The next target for hackers
I was speaking recently with Eric Siegel, PhD about machine learning and predictive analytics, specifically what he likes to call The Power to Predict Who Will Click, Buy, Lie, or Die. In that conversation, we talked about the black box that lies at the heart of many company’s AI deployments. But we didn’t talk about the security considerations that stem from this situation: that is, it’s not just a company’s computers that are vulnerable to hackers. It’s the AI running on those computers, that’s making use of data.
Every day, we hear about companies deploying applications with the dreadful acronym AI to provide the best customer service or something. They talk up their solution, the most advanced solution, with the best AI that money can buy. And of course all that AI that is their big differentiator is a highly guarded secret. It’s also a source of vulnerabilities.
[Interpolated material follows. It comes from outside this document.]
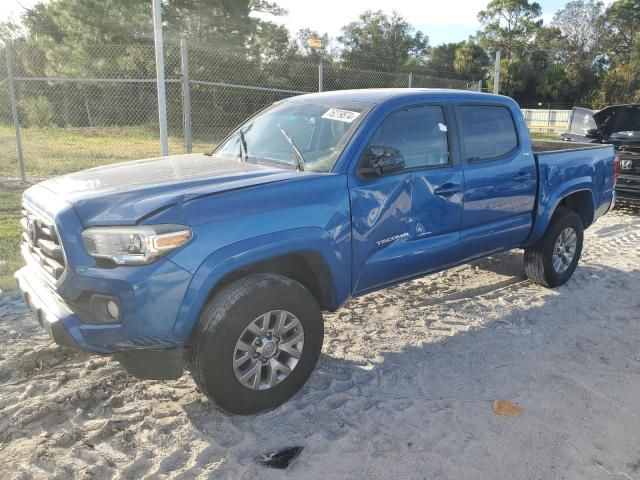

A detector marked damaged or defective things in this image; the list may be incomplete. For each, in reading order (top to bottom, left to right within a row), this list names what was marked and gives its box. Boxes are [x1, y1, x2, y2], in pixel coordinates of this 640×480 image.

And this is where it gets tricky. In order to build your analytics, you need data. You need to take the data and build models. Where can you get the data? If you are a mature organization, the chances are that you already sit on a lot of it. In the case of a startup, most likely you go on the Internet and find publicly available data sources like this one, download it and start training and building your models.
As you can imagine, that data set can be anything from finance, medicine, logistics, but also language (either text or voice) or images; and it can contain millions of objects. It is already difficult to obtain the data, clean it and get it ready for processing. Trying to identify which information inside is real or fake, is much more difficult - or due to resource limits, actually impossible.
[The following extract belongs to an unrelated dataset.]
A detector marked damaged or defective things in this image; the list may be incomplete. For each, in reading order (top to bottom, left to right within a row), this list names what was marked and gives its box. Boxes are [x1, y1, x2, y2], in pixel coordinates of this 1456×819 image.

To make things even worse, organizations are declaring any algorithm a trade secret. They provide no visibility into the inner workings. Sometimes, this is done because the makers of these algorithms can't even explain how it works!
Maybe you heard the term AI Explainability. It is an emerging field to define transparently how the machine arrived at any particular decision. Unfortunately, few companies do this, even if they should.
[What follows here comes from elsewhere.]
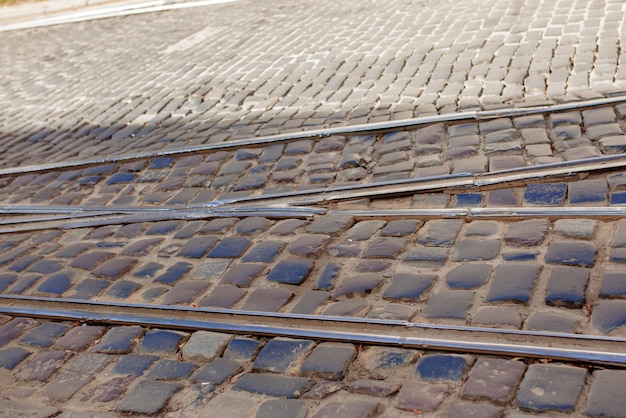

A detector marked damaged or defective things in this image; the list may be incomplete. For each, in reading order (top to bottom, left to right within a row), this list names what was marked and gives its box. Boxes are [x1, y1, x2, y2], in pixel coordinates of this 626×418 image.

rusty rail groove [1, 298, 624, 366]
What can you do? Demand, when anytime anyone mentions AI or ML that they explain to you, in a language you can understand, how it works and how it was trained. In the case of an image recognition system, ask them if their algorithm can tell the difference between a Chihuahua and a muffin.
The recurrent pattern here? In order to take advantage of all the new wonders we are building, we have to keep learning to stay in control, otherwise we end up like sheep who have no say about the future.